Mariamite Maronite Order
- Abbreviation: OMM
- Nickname: Aleppians
- Formation: 10 November 1695 (330 years ago)
- Founded at: Ehden, Lebanon
- Type: Monastic order of pontifical right for men
- Headquarters: Couvent Notre Dame de Louaize, Lebanon
- Members: 112 members (95 priests) (2018)
- Superior General: Pierre Najem, OMM
- Parent organization: Maronite Catholic Church

= Mariamite Maronite Order =

Catholic monastic order in Lebanon

The Mariamite Maronite Order (Ordo Maronita Beatae Mariae Virginis; abbreviated OMM), also called the Aleppians or Halabites, is a monastic order in the Levantine Catholic Maronite Church, which from the beginning has been specifically a monastic Church.

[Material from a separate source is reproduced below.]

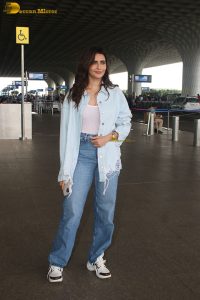 actress Karishma Tanna chic look in jeans at mumbai airport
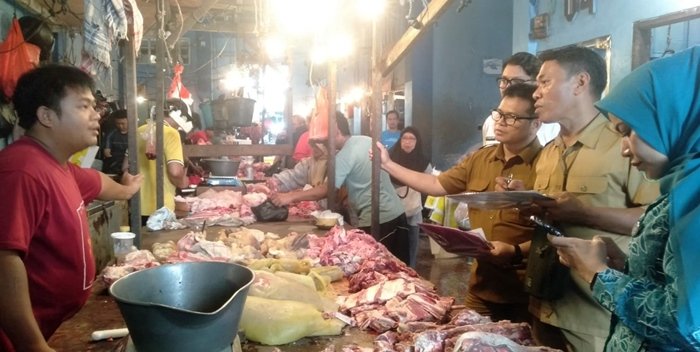 Jelang Iduladha, Harga Pangan di 3 Kota Kaltim Masih Stabil, Cuma Beras yang Naik Sidak Pasar Samarinda Jelang Iduladha; Harga Beras Naik, tapi Telur dan Ketan Justru Turun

The order was founded in 1694 in the Monastery of Mart Moura, Ehden, Lebanon, by three Maronite young men from Aleppo, Syria, under the patronage of Patriarch Estephan Douaihy (1670–1704).

Its name comes from the Arabic Halabiyyah (الرهبنة الحلبية), city of Aleppo monks. It is one of the three Lebanese congregations that follow the tradition of Saint Anthony the Great. The name is in reference to the origin of the founders and first members of the order. On 9 April 1969, the order was named, in Latin, Ordo Maronita Beatae Mariae Virginis.

The second order is the Baladites (or Baladiyyah), country monks, the antonym of Halabiyyah. This order resulted from a split with the Aleppians. Pope Clement XIV sanctioned this separation in 1770.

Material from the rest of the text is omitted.